I'm prepared to believe that there's no Puppet code change, which would
explain why it's not documented in any release notes, but there's certainly
an observable behavior difference between the two example runs.  If that is
not to be accounted a Puppet behavior change then I suppose it must also be
observable with (only) Puppet 3.8 running on different Ruby versions.
That's a nice gotcha if you happen to rely on interpolating arrays (not
that I would recommend doing so in any case).

The recommendation is to be explicit about how arrays and hashes should be formatted if they are wanted in String form (Using either String.new with a suitable format, or using the join function).

yeah, and so you would I think, certainly recall people on IRC running into 
that.


On the other hand, I observe that the current (4.6) Puppet docs document
the array interpolation format
<https://docs.puppet.com/puppet/4.6/reference/lang_data_string.html#conversion-of-interpolated-values>,
independent of underlying Ruby.  That may now be a distinction without much
practical difference, but it's the right thing to do: details of the
infrastructure -- and especially changes to them -- ought not to leak out
into Puppet's user-facing behavior.  This sort of thing will become more
important as Puppet continues its movement away from Ruby as the main
implementation language.

yup, this becomes a specified and supported way to do this and you can probably
expect these to be properly treated in future.
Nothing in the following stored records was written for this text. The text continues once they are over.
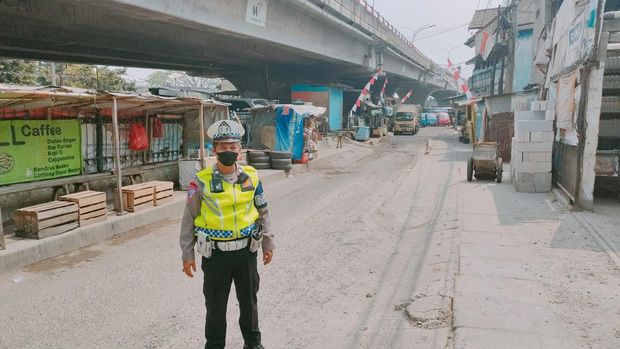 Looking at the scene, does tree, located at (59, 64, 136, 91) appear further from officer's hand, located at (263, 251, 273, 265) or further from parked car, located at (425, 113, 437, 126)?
parked car, located at (425, 113, 437, 126)

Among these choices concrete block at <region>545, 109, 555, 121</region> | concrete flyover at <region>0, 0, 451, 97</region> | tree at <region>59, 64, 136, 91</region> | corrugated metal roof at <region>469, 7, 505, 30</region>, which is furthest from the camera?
corrugated metal roof at <region>469, 7, 505, 30</region>

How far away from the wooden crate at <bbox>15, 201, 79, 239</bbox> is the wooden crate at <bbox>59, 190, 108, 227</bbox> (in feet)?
0.77

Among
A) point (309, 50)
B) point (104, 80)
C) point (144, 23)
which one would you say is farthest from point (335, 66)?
point (104, 80)

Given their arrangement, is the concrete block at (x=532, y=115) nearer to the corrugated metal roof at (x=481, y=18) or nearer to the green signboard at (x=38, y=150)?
the green signboard at (x=38, y=150)

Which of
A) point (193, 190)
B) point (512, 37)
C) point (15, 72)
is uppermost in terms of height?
point (512, 37)

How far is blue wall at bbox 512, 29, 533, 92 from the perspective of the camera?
32.8m

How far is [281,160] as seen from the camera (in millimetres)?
17578

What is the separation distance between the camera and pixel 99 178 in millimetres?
10664

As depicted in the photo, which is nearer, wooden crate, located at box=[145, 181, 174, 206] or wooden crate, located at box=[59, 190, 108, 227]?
wooden crate, located at box=[59, 190, 108, 227]

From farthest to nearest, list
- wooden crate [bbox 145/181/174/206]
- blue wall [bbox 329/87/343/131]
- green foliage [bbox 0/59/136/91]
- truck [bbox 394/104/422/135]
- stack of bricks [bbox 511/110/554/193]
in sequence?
truck [bbox 394/104/422/135] < blue wall [bbox 329/87/343/131] < green foliage [bbox 0/59/136/91] < stack of bricks [bbox 511/110/554/193] < wooden crate [bbox 145/181/174/206]

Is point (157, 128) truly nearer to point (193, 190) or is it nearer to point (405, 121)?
point (193, 190)

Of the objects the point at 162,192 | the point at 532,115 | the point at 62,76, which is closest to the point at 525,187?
the point at 532,115

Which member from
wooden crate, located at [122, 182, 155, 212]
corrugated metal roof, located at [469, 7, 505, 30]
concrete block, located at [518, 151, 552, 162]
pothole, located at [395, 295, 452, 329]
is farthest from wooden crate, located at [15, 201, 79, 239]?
corrugated metal roof, located at [469, 7, 505, 30]

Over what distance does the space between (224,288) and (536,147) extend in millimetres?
10403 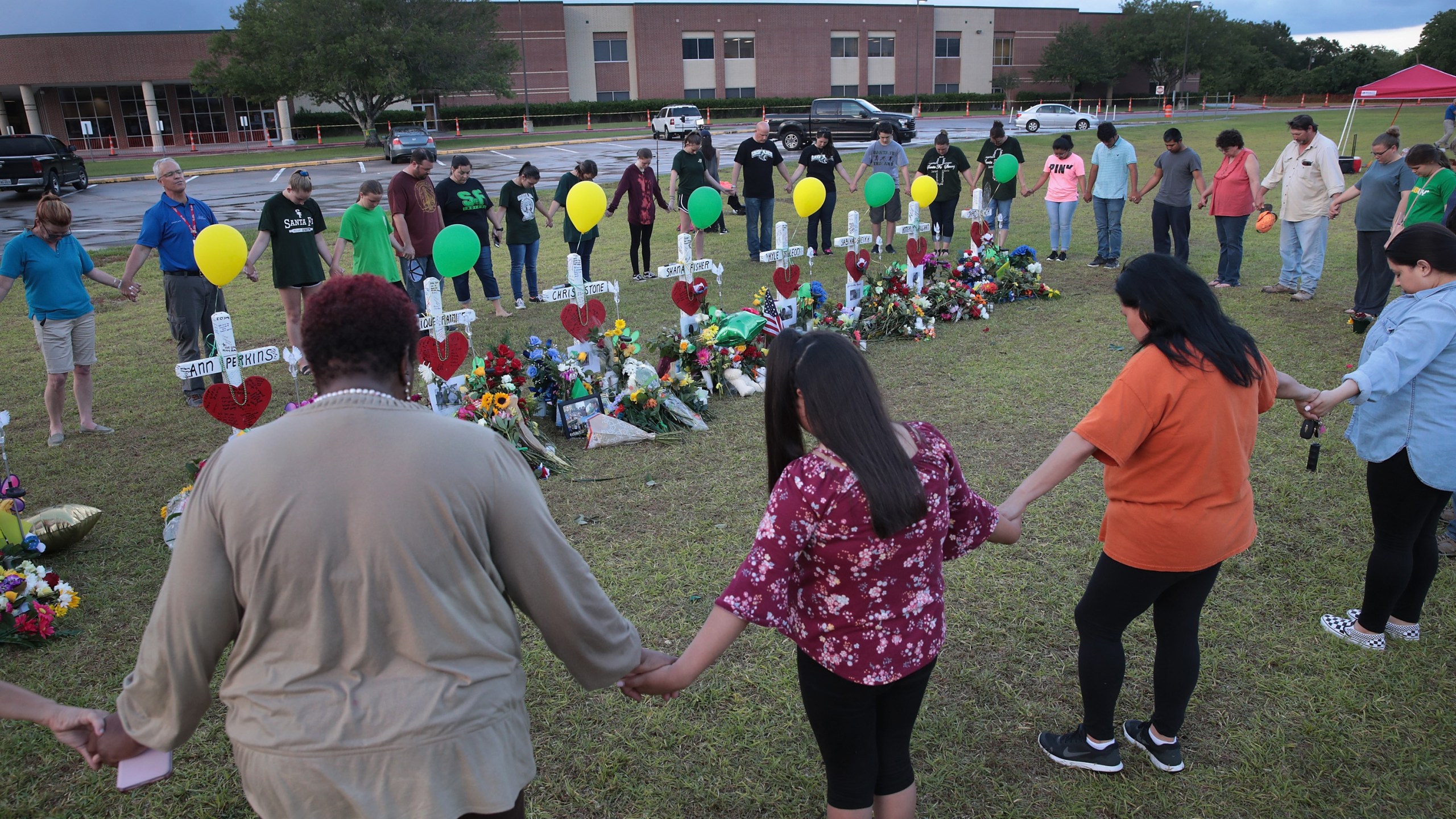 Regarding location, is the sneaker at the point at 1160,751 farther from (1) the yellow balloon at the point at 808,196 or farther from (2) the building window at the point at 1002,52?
(2) the building window at the point at 1002,52

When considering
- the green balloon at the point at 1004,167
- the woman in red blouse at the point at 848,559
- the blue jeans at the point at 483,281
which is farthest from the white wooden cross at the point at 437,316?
the green balloon at the point at 1004,167

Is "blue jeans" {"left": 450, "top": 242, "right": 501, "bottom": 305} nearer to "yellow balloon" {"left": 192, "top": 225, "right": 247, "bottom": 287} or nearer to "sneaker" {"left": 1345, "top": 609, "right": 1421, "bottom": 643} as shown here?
"yellow balloon" {"left": 192, "top": 225, "right": 247, "bottom": 287}

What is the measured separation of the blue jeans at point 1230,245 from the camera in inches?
411

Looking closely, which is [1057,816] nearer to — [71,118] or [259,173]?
[259,173]

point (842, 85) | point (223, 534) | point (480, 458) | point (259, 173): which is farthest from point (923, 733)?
point (842, 85)

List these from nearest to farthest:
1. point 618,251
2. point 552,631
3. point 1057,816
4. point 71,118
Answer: point 552,631 < point 1057,816 < point 618,251 < point 71,118

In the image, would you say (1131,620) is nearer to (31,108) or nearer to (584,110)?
(584,110)

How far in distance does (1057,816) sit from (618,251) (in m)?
12.7

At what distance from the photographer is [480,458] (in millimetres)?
1690

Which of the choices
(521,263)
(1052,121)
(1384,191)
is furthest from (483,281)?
(1052,121)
Yes, now that it is specified it is part of the API.

There is additionally massive amount of string formatting stuff now in the 
language
https://github.com/puppetlabs/puppet-specifications/blob/master/language/types_values_variables.md

Though their usability leaves a lot to be desired, I suppose they are meant to 
be
used as plumbing for higher order solutions like wrapper functions or something,
I can't imagine anyone using them as is.

Yes, the more advanced formatting stuff is intended to be the basic building blocks for functions. The current support should be compared to Ruby's Kernel#format. The surface level functionality is easy to use though - for example things like String('%d', 42)
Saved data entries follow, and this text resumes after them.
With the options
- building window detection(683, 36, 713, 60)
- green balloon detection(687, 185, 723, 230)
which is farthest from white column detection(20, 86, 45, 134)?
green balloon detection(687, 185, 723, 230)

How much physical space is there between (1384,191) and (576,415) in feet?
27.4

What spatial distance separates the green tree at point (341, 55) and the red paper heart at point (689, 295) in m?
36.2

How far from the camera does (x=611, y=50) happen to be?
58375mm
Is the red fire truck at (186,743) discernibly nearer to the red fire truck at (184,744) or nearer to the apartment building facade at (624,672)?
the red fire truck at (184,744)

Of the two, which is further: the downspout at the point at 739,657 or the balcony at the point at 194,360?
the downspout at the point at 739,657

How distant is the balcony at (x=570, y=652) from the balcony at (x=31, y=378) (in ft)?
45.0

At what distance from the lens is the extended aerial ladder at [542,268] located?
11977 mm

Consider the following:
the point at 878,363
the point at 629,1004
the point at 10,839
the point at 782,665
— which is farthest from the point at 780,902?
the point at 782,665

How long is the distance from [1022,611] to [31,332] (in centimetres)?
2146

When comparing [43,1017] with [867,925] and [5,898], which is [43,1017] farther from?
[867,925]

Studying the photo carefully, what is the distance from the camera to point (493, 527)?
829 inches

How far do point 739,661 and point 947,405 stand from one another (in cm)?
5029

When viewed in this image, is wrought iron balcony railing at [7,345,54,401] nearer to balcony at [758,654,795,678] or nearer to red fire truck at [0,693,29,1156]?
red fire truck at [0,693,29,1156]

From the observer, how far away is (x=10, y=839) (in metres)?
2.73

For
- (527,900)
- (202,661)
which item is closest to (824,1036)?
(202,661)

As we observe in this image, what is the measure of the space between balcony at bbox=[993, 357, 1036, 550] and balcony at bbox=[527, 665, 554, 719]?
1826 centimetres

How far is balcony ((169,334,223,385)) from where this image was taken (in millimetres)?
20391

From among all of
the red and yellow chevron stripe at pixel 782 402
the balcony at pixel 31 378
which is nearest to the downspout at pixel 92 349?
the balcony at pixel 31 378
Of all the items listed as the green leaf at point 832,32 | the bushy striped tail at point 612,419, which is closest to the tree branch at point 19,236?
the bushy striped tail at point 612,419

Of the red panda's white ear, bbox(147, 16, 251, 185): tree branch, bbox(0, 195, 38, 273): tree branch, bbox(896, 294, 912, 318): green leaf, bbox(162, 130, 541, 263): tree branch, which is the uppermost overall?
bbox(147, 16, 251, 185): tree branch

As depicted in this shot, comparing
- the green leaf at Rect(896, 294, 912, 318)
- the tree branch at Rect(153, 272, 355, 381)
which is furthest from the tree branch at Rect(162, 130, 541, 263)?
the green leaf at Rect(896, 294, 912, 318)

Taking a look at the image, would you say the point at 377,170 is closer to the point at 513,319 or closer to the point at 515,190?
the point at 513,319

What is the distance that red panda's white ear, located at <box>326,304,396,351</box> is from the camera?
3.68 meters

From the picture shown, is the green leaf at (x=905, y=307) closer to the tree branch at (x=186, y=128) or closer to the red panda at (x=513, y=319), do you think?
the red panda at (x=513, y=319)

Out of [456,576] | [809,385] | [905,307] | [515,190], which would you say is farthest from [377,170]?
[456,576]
In any case, inasmuch as the OP was asking about behavioral differences, it
is highly relevant that the one observable difference of any significance
arises not because of a difference in the version of Puppet, but because of
a difference in the version of the Ruby underneath.

Yeah, expect less of that as work moves toward C based compilers etc, this
will make pinning every thing down to specified behaviour, good times.

Having the Puppet Language specification is key here.